Aspen Looks to AGCI Data Network to Support Water Planning
After a promising winter snowpack, a disappointingly dry spring unfolded into a hot, arid summer in the Roaring Fork Valley this year. Even before the fire broke out at Grizzly Creek, anxieties about low river flows were running high for many municipalities, farmers and ranchers, and recreationalists in the West. Burning under prime fire conditions in dangerous terrain, the Grizzly Creek fire has now grown to be the largest conflagration in the history of White River National Forest. Related concerns about impacts to water supplies are growing as well, as landscapes damaged by fire can lead to erosion that degrades water quality. Meanwhile, the Grizzly Creek fire’s location near the City of Glenwood Springs’ water out-take has led the town to enact watering restrictions and temporarily divert water from the Roaring Fork, which was already experiencing lower than average flows this year.
Water worries are nothing new in the West, but as climate change leads to warmer temperatures, understanding the relationship between climate and water becomes increasingly important. Long-term research can help us better understand and track some of these water/air relationships, and, hopefully, help inform adaptive planning for the future.
AGCI’s ongoing iRON program gathers data across the Roaring Fork Watershed to help answer questions about local climate change impacts. The most recent addition to the iRON sites, a weather and soil moisture station up Castle Creek, was installed in direct response to the City of Aspen’s efforts to gain insight into water and weather dynamics in the Castle Creek basin, a key water supply for the City and downstream users.
The Castle Creek station was installed in 2019 and came online this summer. Funded by the City of Aspen and sited on Pitkin County land, Castle Creek is the most complex station to be added to iRON yet.

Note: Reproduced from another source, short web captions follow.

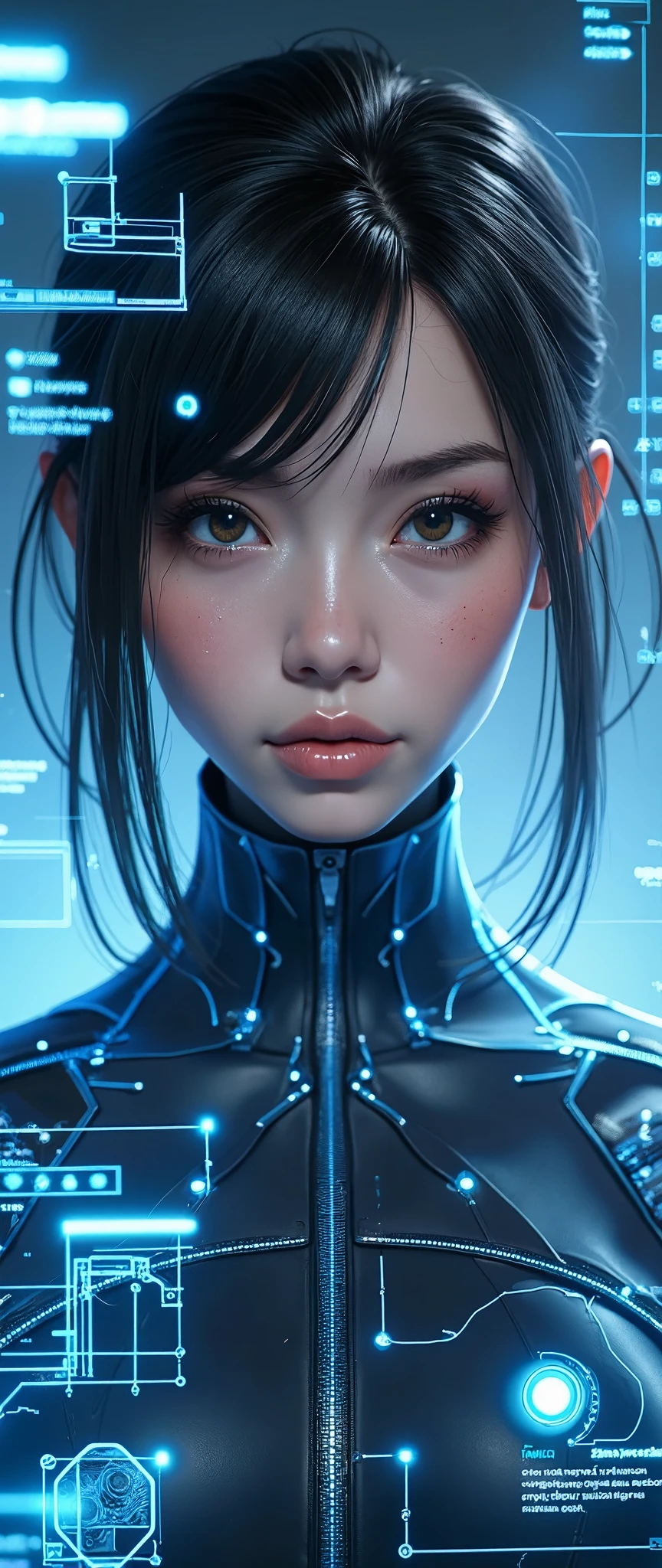 (masterpiece:1.2,Exceptional Quality,Mirror-like, movie-like experience, photorealistic:2.0,RAW Photos:2.0,Super detailed),8k,wallpaper,(Representing blueprints through holograms:2.0),(Beautiful woman:2.0),Female Cyborg,(Female Cyborgの設計図:2.0),(Draw the front view:2.0),(Avant-garde design:2.0),(Drawing detailed blueprints:2.0),(Beautiful Face,beautiful eyes,Beautiful Hair),(3D Animation:2.0)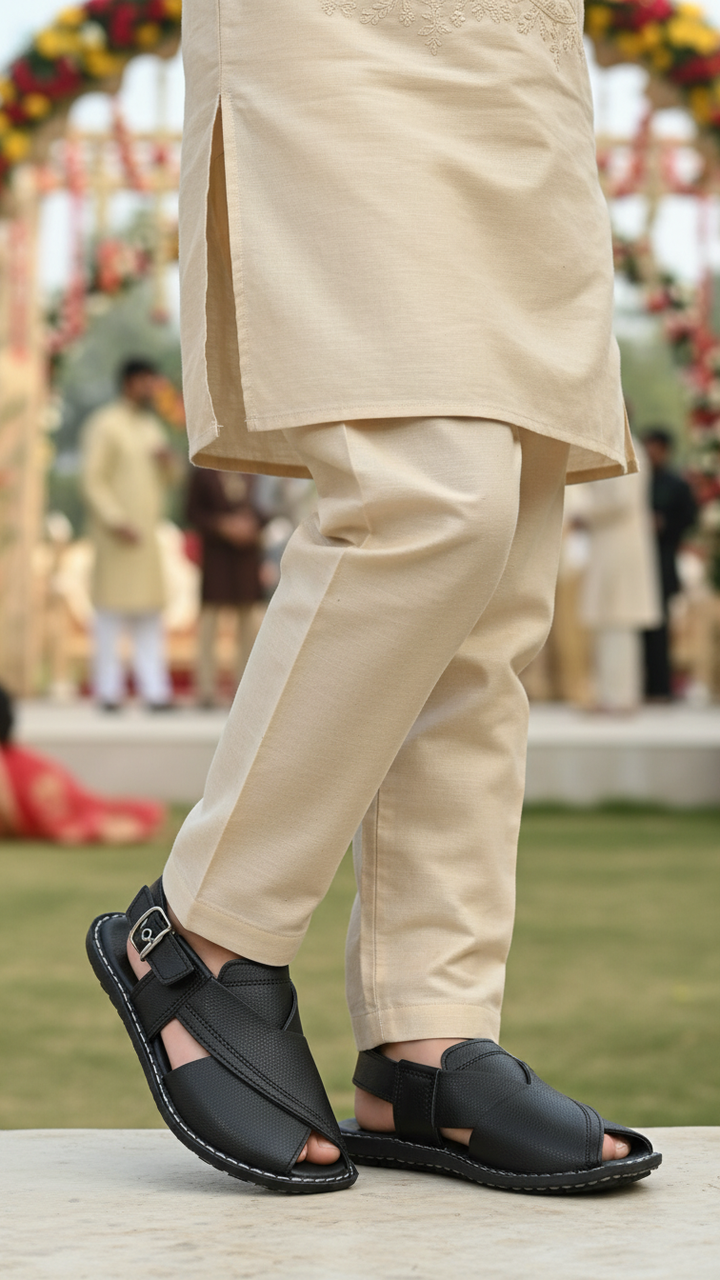 Boys Black Peshawari Chappal KD9935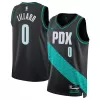 Portland Trail Blazers Damian Lillard #0 22/23 Swingman Jersey Black for men - City Edition - uafactory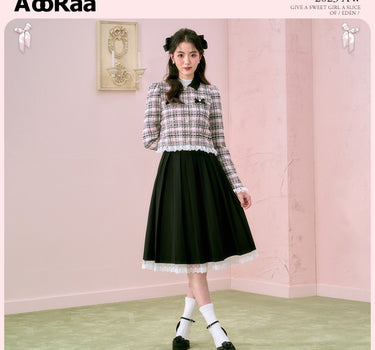 AooRaa - Colored set coat high end skirt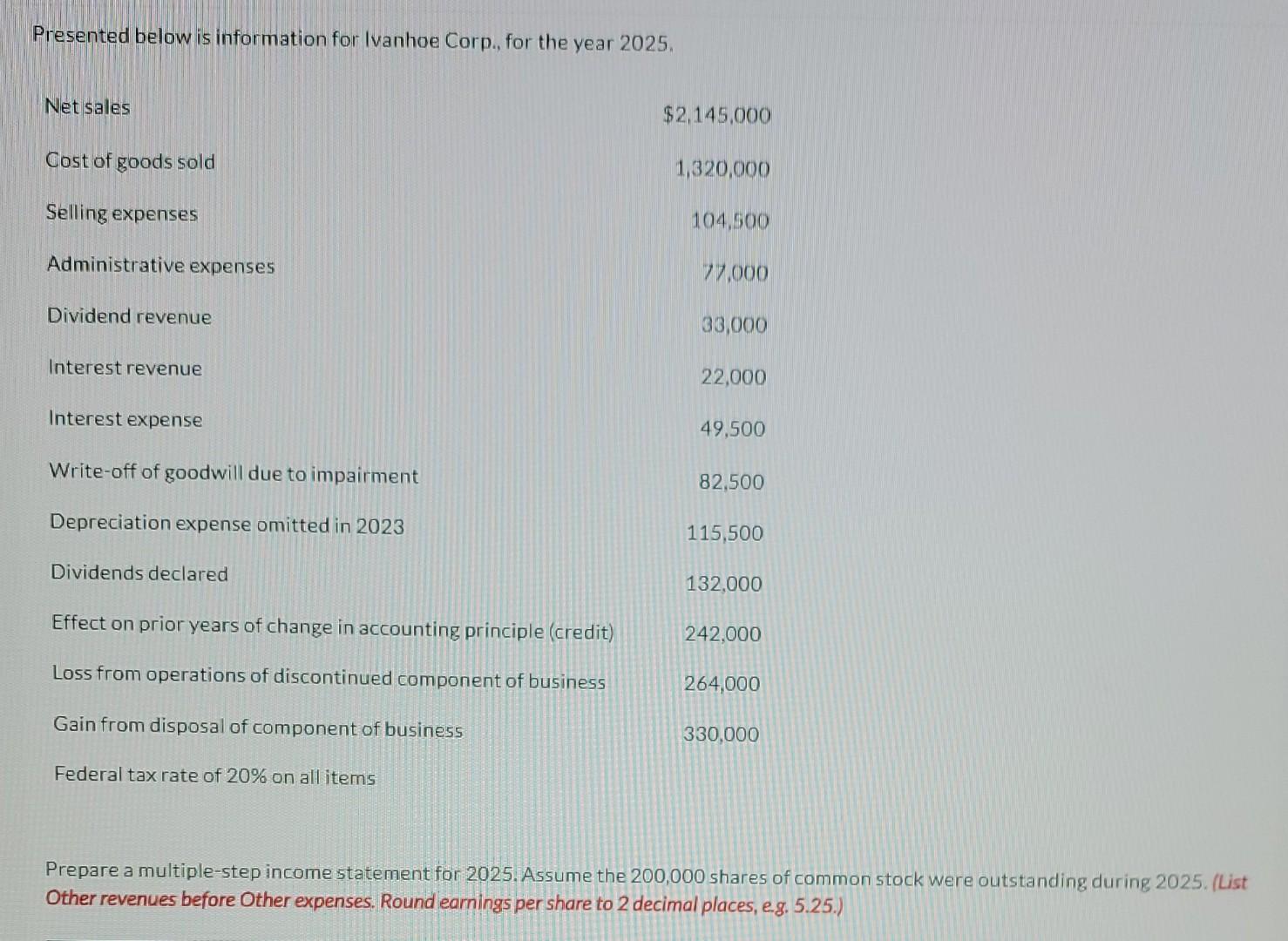  please solve & explain. Presented below is information for Ivanhoe Corp.,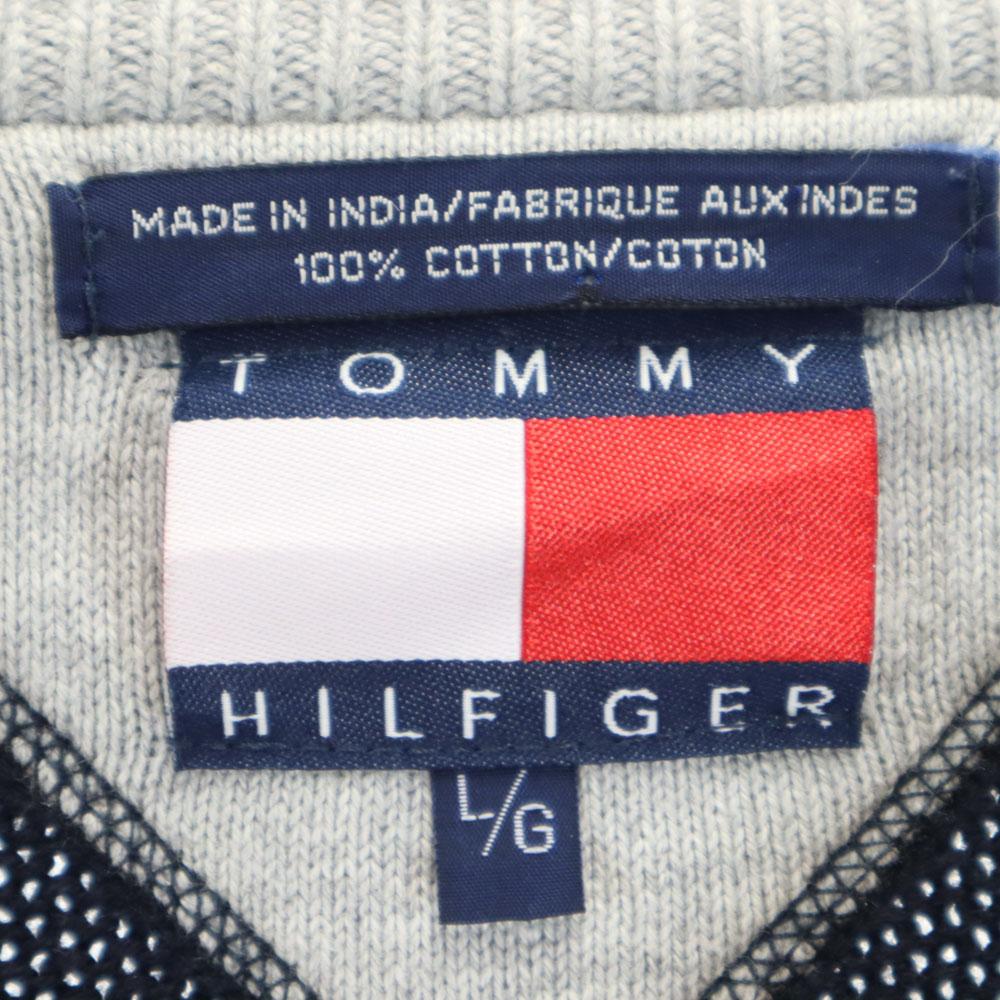 Tommy Hilfiger 90s Old Flag Tag Argyle Pattern Long Sleeve Cotton Knit Sweater Men's Used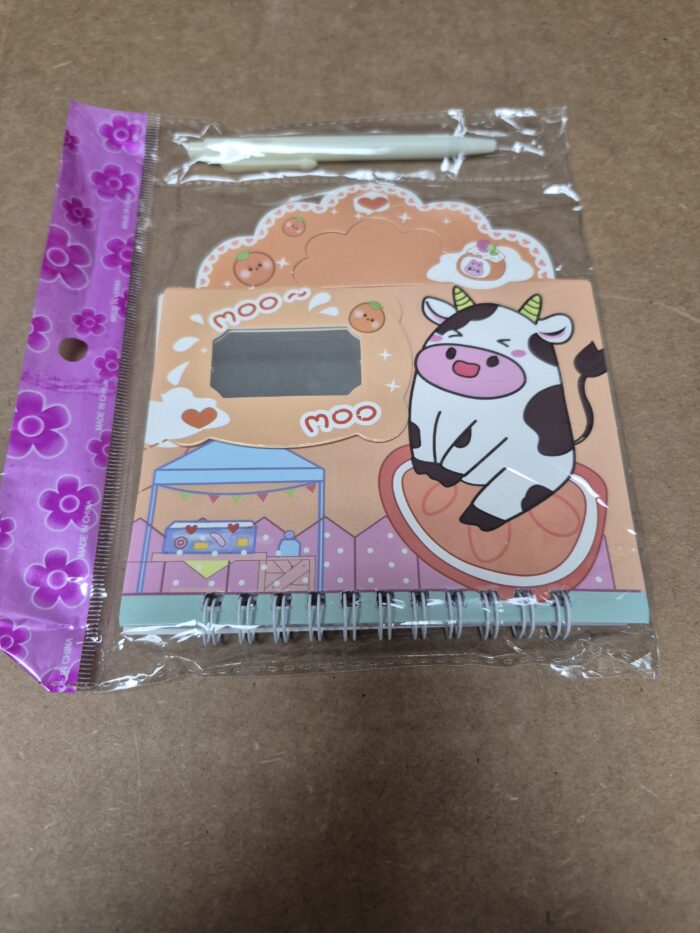 Cow Mini Notepad Diary Notebook with Pen N Mirror - Image 6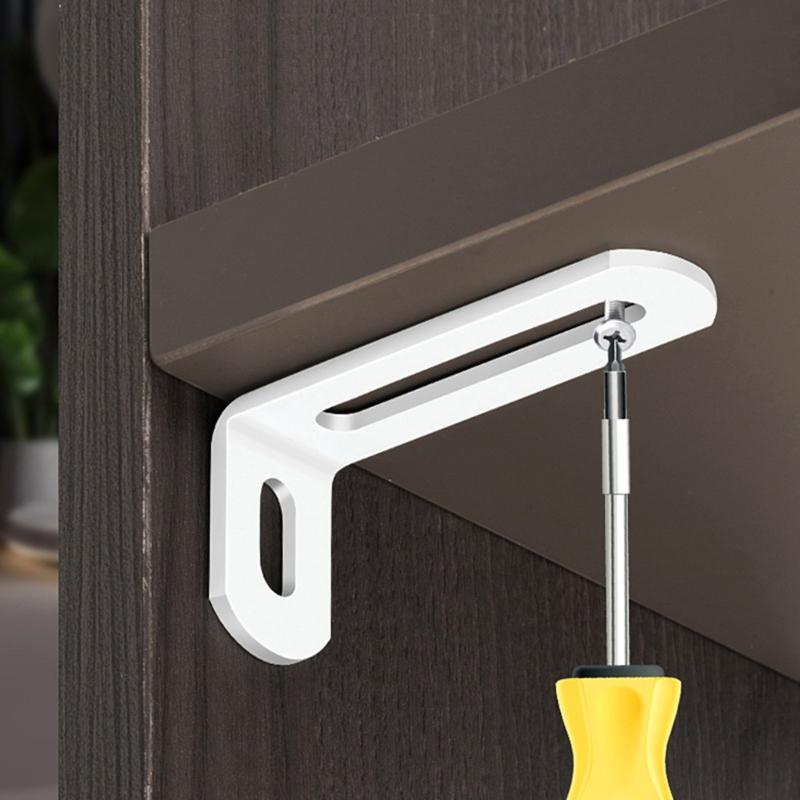 10Pcs Iron L Shaped Corner Brackets Fixer Double Slot Fixing Brackets For Wall Shelving Bookcases Easy Installation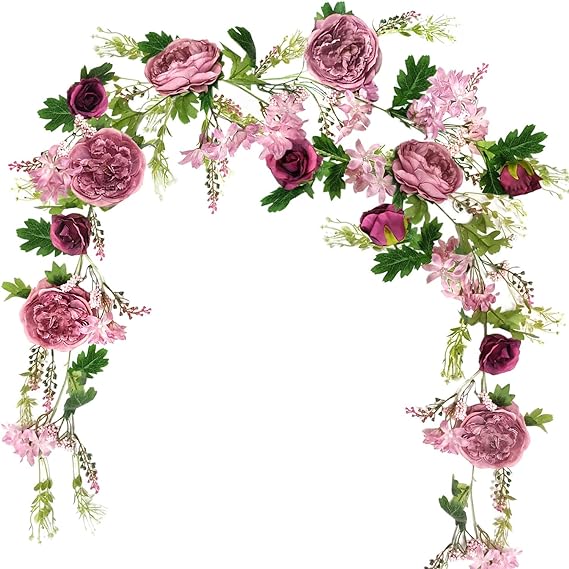 Peony Flower Garland, Rose Flower Swag, 6' Wedding Arch Flowers for Wedding Decor Home Table Runner Mantle Party Décor (Dusty Peony Garland)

Other stations in the network measure air temperature, relative humidity, rain, soil temperature (at an 8-inch depth) and soil moisture (at 2-, 8-, and 20-inch depths). The Castle Creek station is additionally equipped to measure wind speed and direction, snow depth, and radiative balance (how much light is reflected off of the ground). The additional sensors give researchers a more nuanced understanding of the water cycle, allowing us to measure how much of the water that falls from the sky as rain or snow ends up in soils or streams vs. how much evaporates back into the atmosphere. Wind speed, for example, is tied to evaporation. On a windy day, more water tends to be lost from soils or plants during respiration. The radiative balance sensor (pyranometer) helps fill gaps in understanding about snowpack: fresh white snow will reflect more light than snow that has partially melted out, revealing darker ground beneath it. Similarly, clean, white snow reflects more light than snow that has been covered in a layer of dust. Being able to track things like a “dust on snow” event in relation to snow depth can illuminate how these dust events may lead to more rapid melting, which in turn has implications for soil moisture and spring water supply more broadly.
It is not possible to predict exactly how climate change will affect water supplies in the West in the coming decades. But through careful observations, we can gain insight into the subtle and diverse ways that the air, soil, snow, and streams interact across our watershed, thereby adding to our toolbox for water management in an uncertain future.